§ EXERCISE OBJECTIVE: Where the listing below reaches the line containing "tissue lehenga 3", start writing out lines exactly, and stop once the line containing "진도믹스, 이름 봉순이" has been written.

§ GIVEN RECORDS:

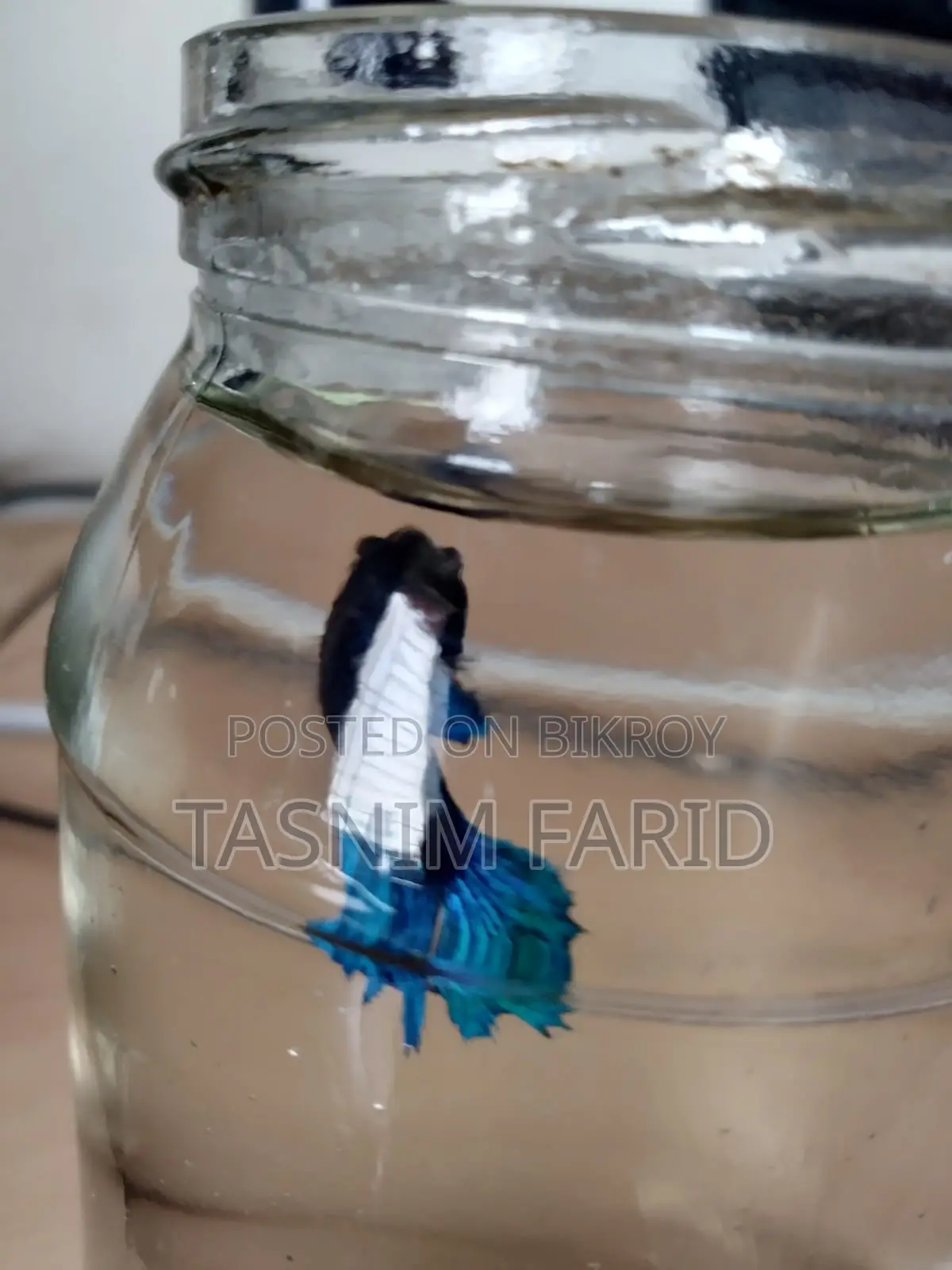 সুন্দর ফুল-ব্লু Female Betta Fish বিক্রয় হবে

...

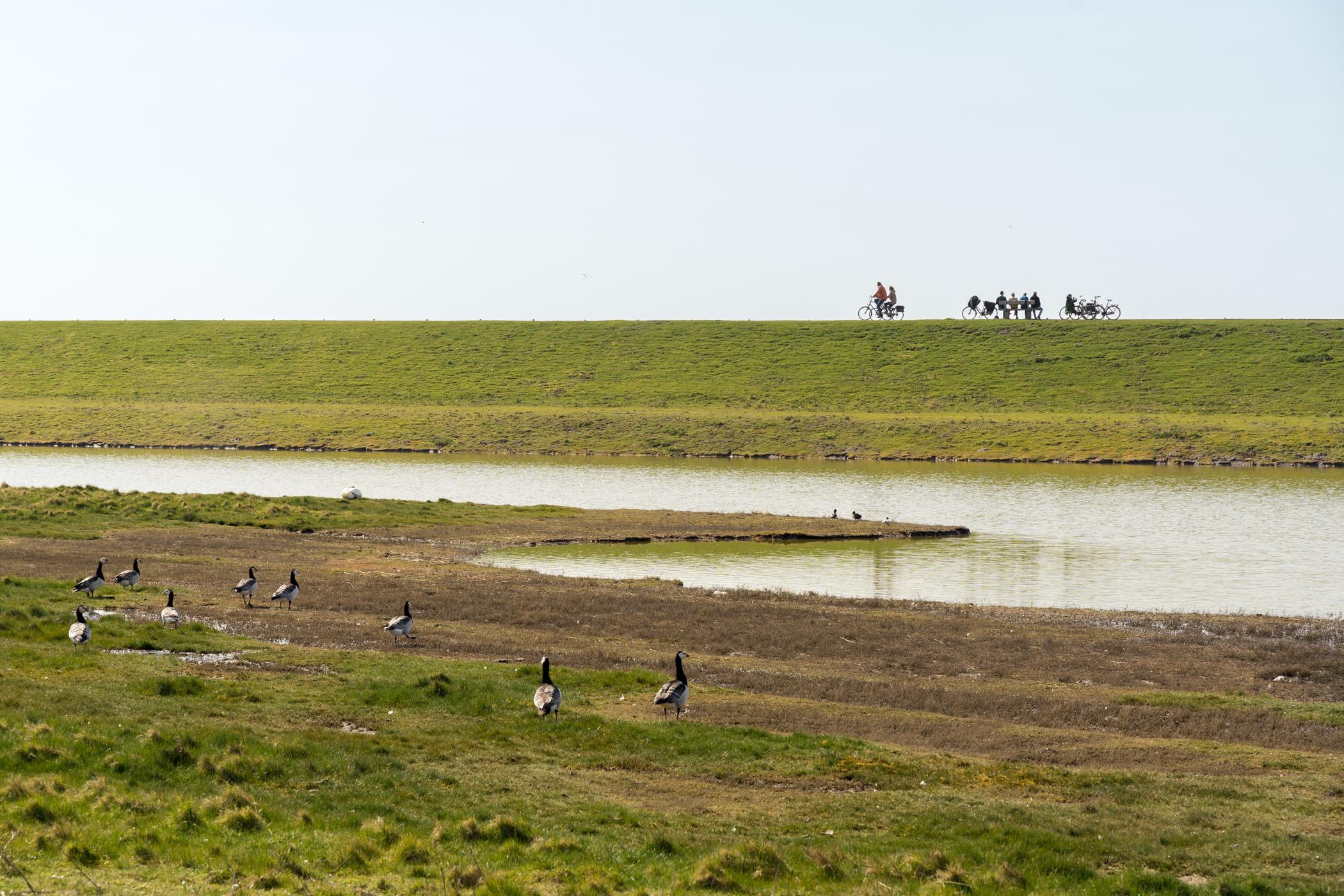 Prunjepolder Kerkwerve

--

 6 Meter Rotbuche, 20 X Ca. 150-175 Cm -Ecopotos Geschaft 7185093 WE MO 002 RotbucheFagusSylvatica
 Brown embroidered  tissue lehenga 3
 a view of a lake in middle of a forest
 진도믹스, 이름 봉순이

§ SOLUTION FOR THIS EXERCISE:
 Brown embroidered  tissue lehenga 3
 a view of a lake in middle of a forest
 진도믹스, 이름 봉순이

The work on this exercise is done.